FRANKFURT, May 4 (Reuters) – The European Central Bank may need to raise interest rates in June if the inflation outlook does not improve significantly in the coming weeks, Bundesbank President Joachim Nagel said on Monday.
The ECB kept rates unchanged last week, but it debated a rate hike and signalled that policy tightening may be necessary in June to prevent the current inflation shock from lingering via second-round effects.
“If the inflation outlook does not improve significantly in the (June ECB) projections, that would support an interest rate hike,” Nagel said in a speech in Frankfurt.
Inflation surged to 3% last month and may increase even further in the coming months as oil prices remain above $110 per barrel on the war in Iran, not far below levels seen in the ECB’s “adverse” economic scenario.
The ECB can do little to lower energy costs but it would need to act if it fears that an initial shock sets off a self-sustaining inflation spiral that would keep price growth above its 2% target.
“It’s clear: the longer the conflict lasts, the greater the risk that inflation will remain elevated if monetary policy doesn’t intervene,” Nagel said.
The ECB will need to watch how the shock impacts wage demands, consumer behaviour and firms’ price expectations.
A host of policymakers, including Slovakia’s Peter Kazimir and Estonia’s Madis Müller, have already warned that a June rate hike may be needed and markets have mostly priced in a move.

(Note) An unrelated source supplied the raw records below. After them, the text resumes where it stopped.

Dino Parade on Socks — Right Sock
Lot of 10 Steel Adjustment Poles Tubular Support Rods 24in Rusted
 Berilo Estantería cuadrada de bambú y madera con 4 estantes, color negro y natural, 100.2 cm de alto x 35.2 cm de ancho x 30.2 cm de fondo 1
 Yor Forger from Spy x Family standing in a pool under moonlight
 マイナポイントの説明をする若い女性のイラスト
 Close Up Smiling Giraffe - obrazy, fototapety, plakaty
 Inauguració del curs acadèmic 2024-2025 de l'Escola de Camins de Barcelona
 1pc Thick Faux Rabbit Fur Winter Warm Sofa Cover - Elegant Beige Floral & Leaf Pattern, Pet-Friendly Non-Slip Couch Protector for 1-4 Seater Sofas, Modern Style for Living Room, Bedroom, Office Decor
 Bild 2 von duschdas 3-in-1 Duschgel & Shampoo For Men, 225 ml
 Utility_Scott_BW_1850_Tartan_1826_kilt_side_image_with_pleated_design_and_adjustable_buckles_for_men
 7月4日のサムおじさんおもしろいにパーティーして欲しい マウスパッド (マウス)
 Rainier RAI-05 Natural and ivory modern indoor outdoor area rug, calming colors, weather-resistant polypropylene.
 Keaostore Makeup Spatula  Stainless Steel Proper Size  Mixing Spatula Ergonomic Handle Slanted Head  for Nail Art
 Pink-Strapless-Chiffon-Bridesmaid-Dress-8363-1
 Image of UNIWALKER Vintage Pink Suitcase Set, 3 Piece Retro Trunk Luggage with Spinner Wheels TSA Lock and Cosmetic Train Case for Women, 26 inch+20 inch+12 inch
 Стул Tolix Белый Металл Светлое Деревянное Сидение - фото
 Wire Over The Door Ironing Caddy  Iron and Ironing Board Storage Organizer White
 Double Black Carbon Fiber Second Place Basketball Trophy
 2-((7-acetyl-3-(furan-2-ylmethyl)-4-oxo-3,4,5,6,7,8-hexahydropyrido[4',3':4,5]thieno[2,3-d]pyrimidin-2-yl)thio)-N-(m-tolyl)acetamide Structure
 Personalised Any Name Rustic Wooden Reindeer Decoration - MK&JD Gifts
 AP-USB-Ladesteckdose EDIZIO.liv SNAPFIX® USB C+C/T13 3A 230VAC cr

Investors are expecting three hikes before the end of the year, with the first one fully priced in by July followed by two more in the autumn.
Nagel, however, also said the current shock is less severe than the 2022 episode, when the ECB had to raise rates at a record pace and the inflation rate still hit double digits, partly because interest rates are already higher than in 2022 and inflation is lower.